■ Your goal:
In the listing below, the lines starting at the line with "Space-patterns 2 25" and ending at the line with "[신발주머니증정] 풋조이 FLEX4 플렉스4 스파이크리스 남성 골프화 W형" are to be output verbatim. Images stay out of the copy.

Records provided: Begin

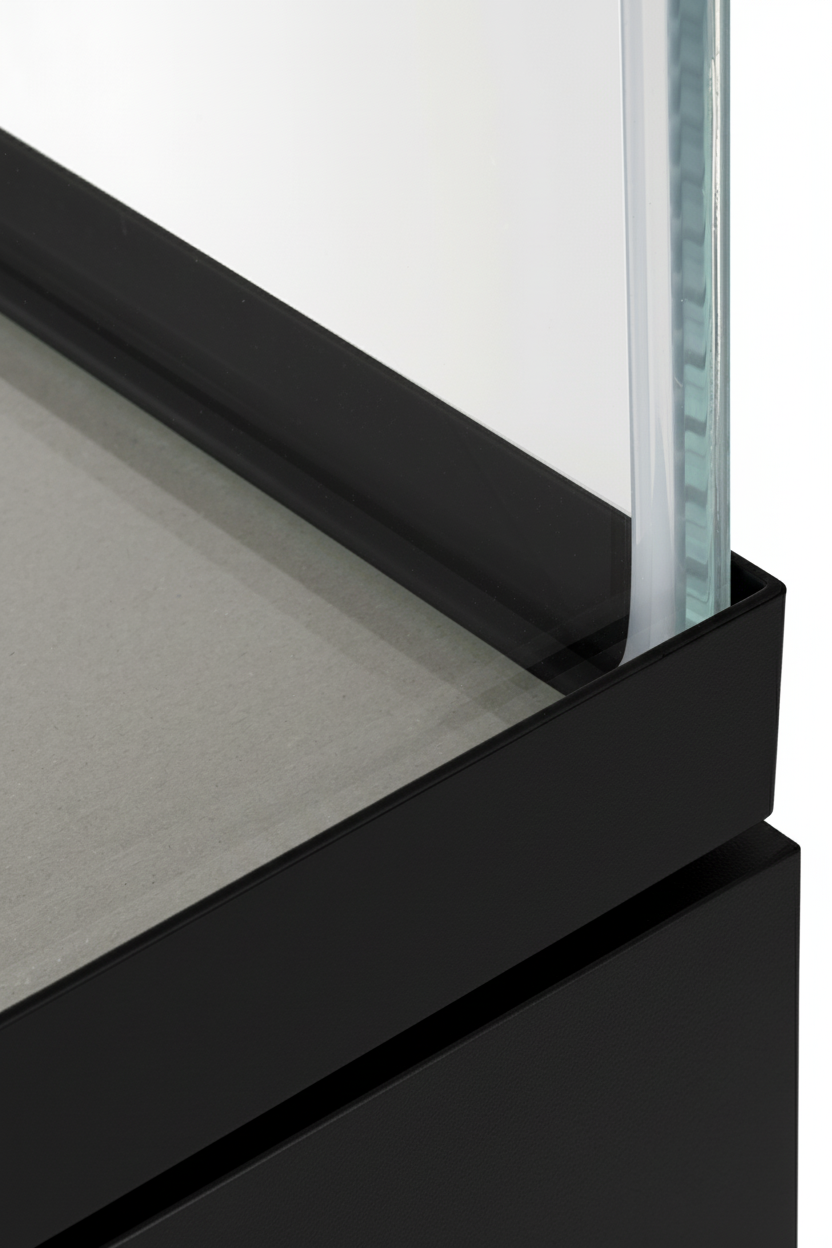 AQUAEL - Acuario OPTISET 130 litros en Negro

Records provided: End
Records provided: Begin

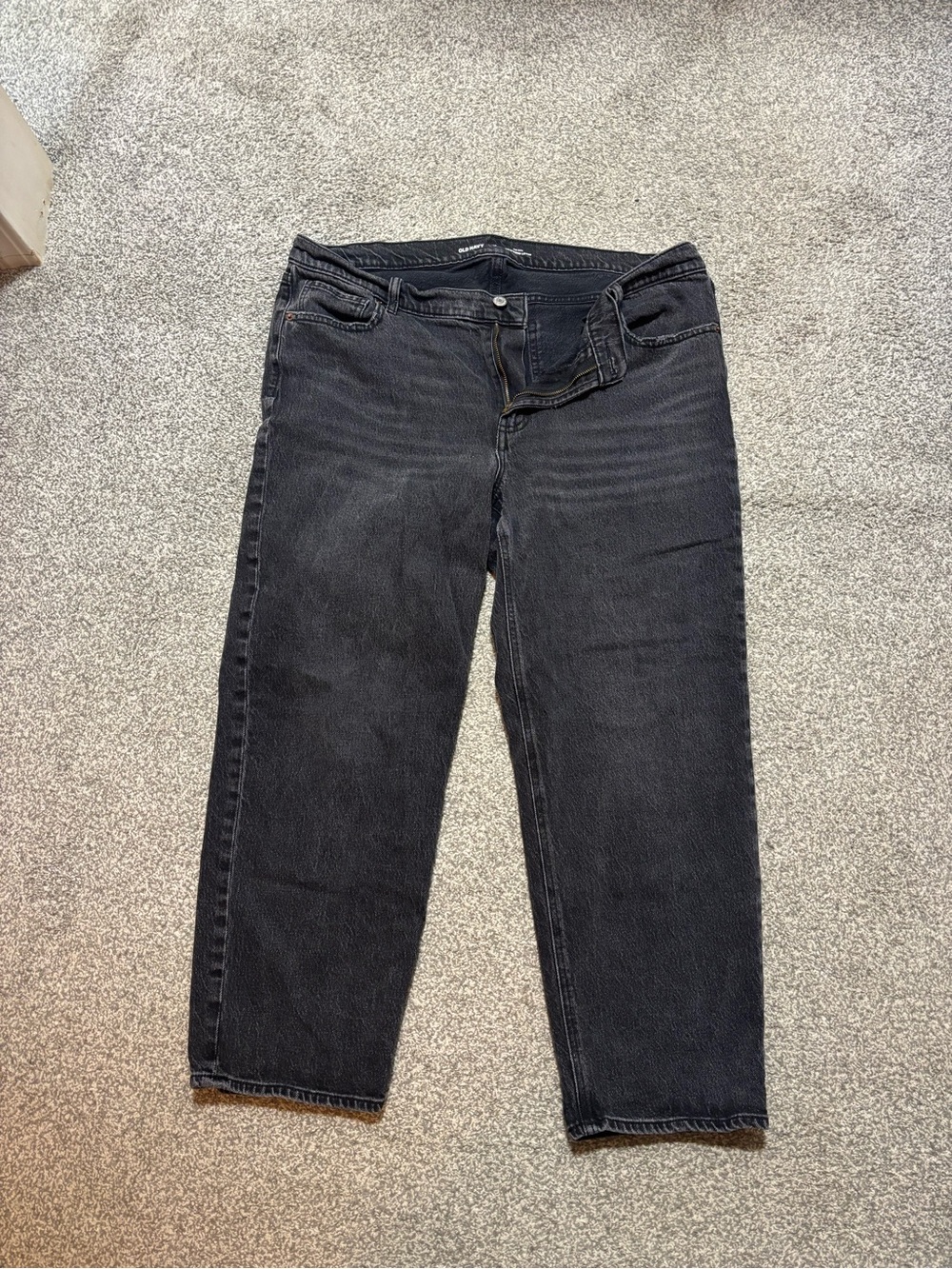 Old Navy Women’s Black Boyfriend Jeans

Records provided: End
Records provided: Begin

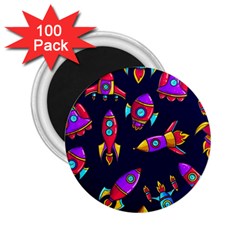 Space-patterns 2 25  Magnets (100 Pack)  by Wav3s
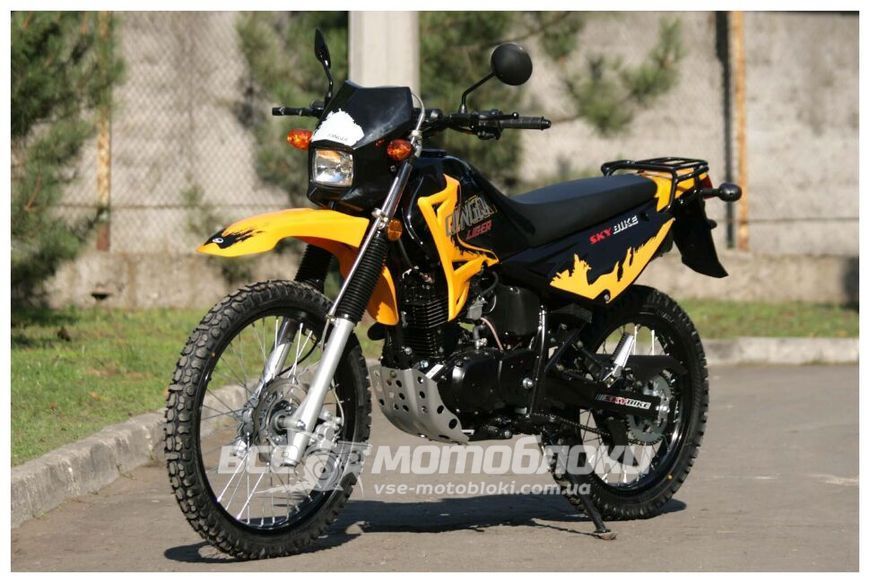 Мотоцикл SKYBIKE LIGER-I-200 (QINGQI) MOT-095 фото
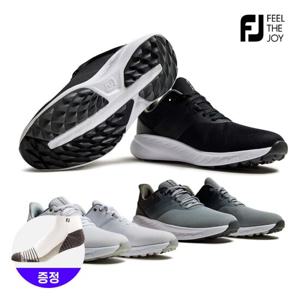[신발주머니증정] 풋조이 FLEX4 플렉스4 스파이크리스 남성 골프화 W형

Records provided: End

■ Result for this exercise:
 Space-patterns 2 25  Magnets (100 Pack)  by Wav3s
 Мотоцикл SKYBIKE LIGER-I-200 (QINGQI) MOT-095 фото
[신발주머니증정] 풋조이 FLEX4 플렉스4 스파이크리스 남성 골프화 W형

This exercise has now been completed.